• **Task to complete**: From the line with "Logistic people pictograms." to the line with "Relance Premium Beard", output every line below exactly, both ends included. Skip the pictures.

**** Supplied material

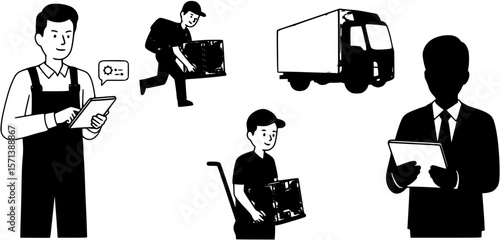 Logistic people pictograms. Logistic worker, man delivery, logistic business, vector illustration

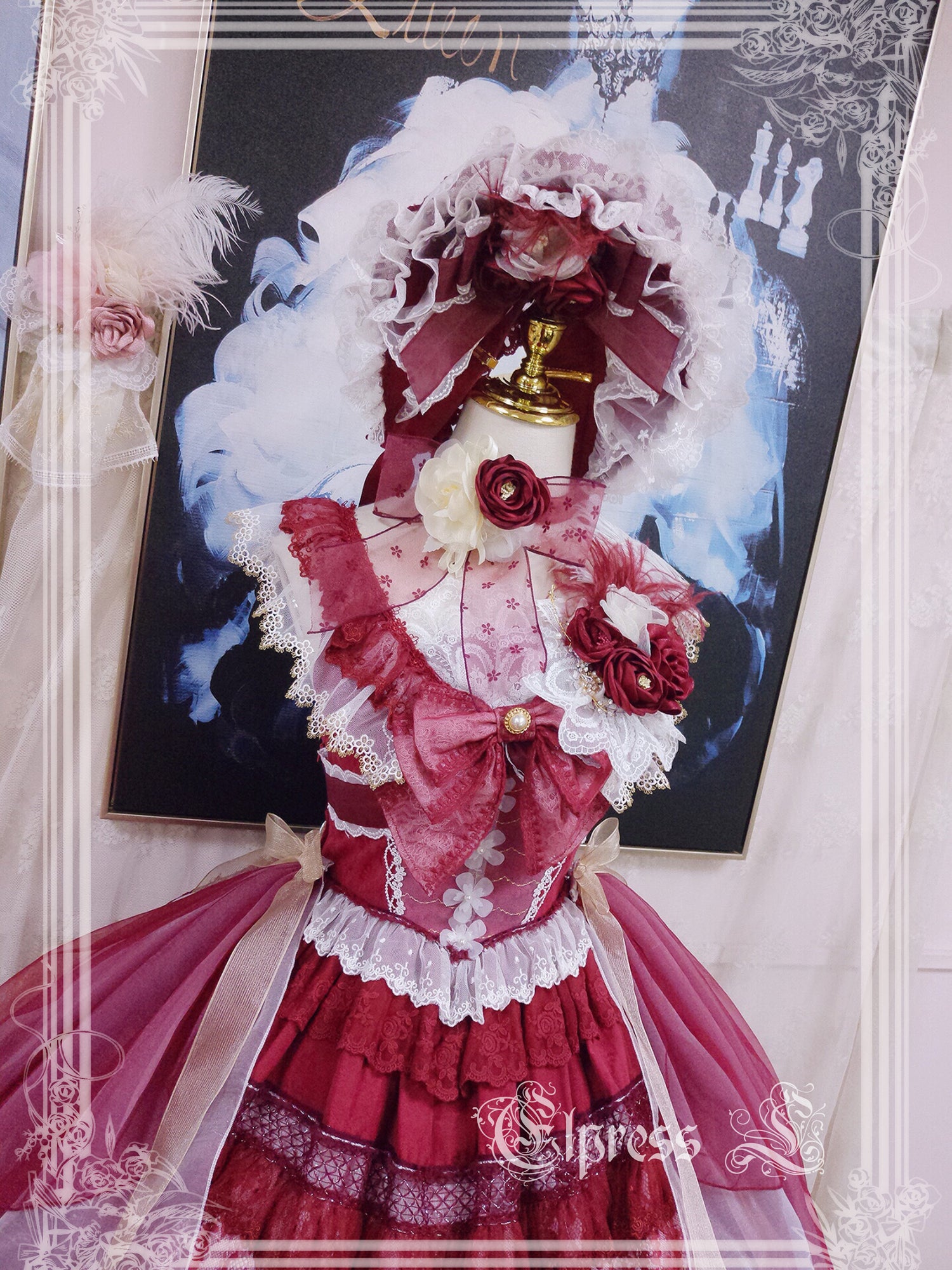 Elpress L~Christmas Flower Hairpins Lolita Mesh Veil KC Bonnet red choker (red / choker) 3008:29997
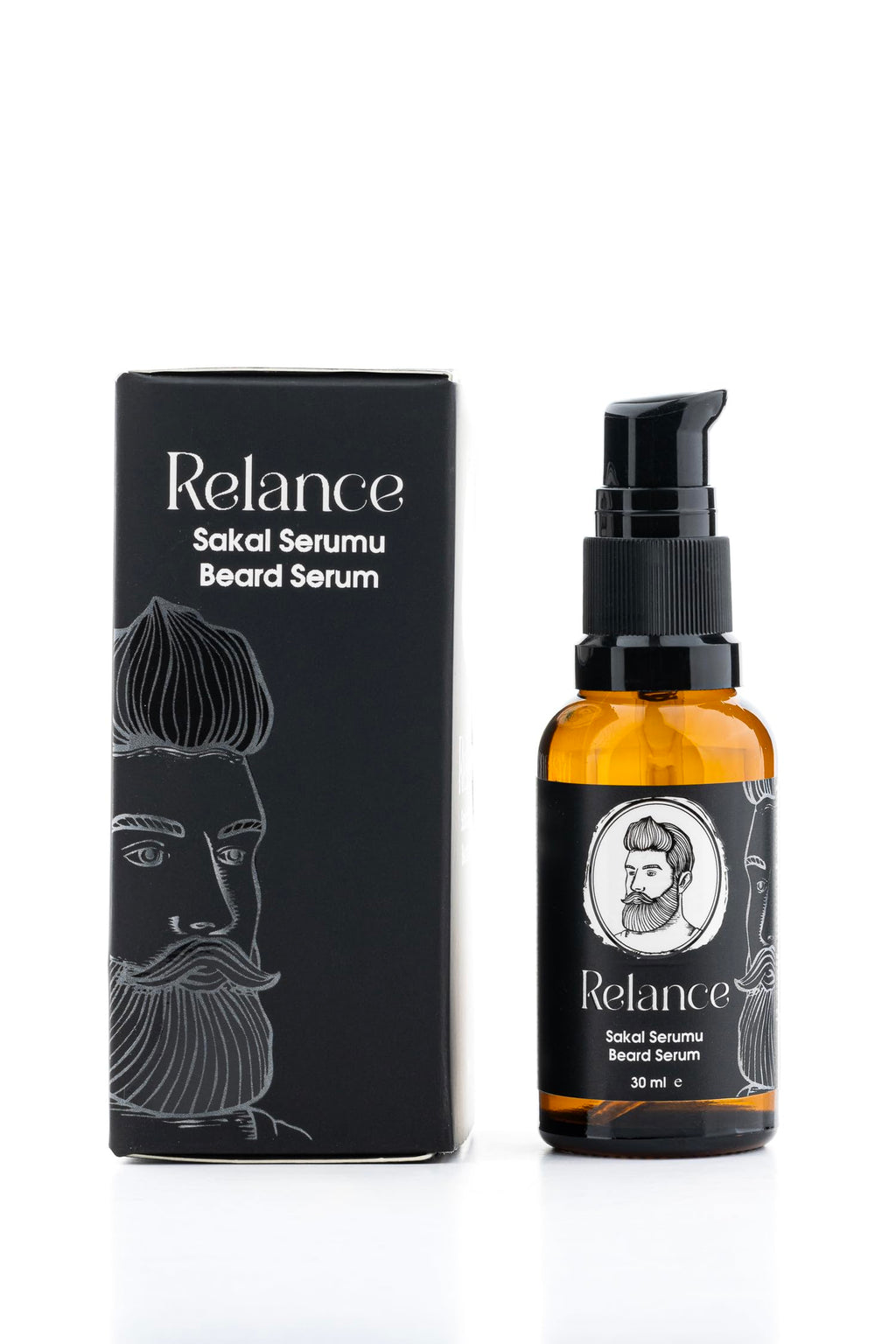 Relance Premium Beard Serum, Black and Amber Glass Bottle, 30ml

********
**** Supplied material

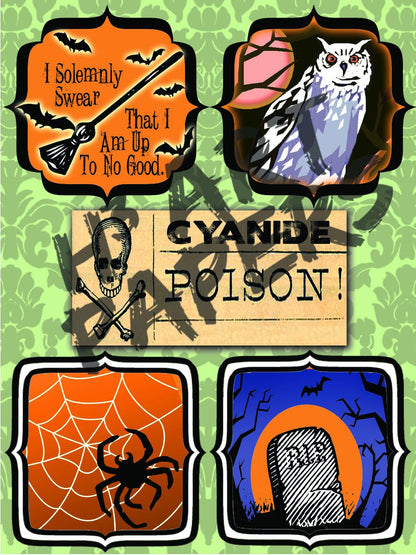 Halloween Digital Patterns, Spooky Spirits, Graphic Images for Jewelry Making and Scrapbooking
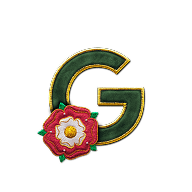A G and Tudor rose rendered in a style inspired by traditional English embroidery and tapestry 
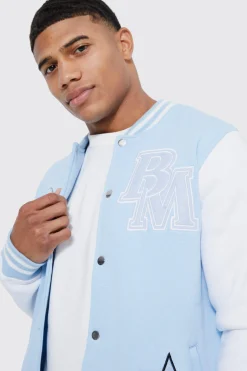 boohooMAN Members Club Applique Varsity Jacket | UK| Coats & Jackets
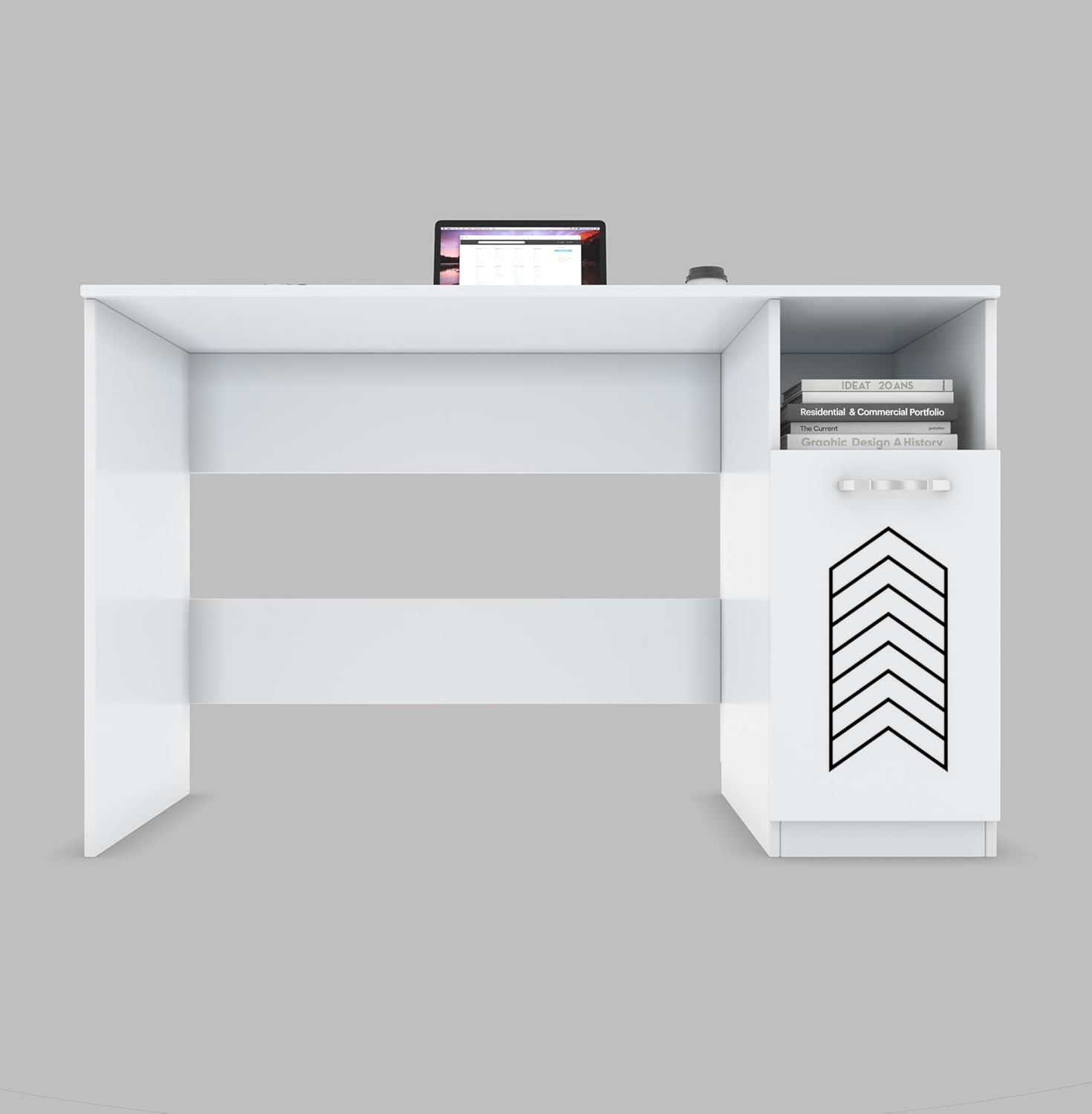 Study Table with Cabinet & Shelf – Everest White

********

• **Answer for the task**:
 Logistic people pictograms. Logistic worker, man delivery, logistic business, vector illustration

 Elpress L~Christmas Flower Hairpins Lolita Mesh Veil KC Bonnet red choker (red / choker) 3008:29997
 Relance Premium Beard Serum, Black and Amber Glass Bottle, 30ml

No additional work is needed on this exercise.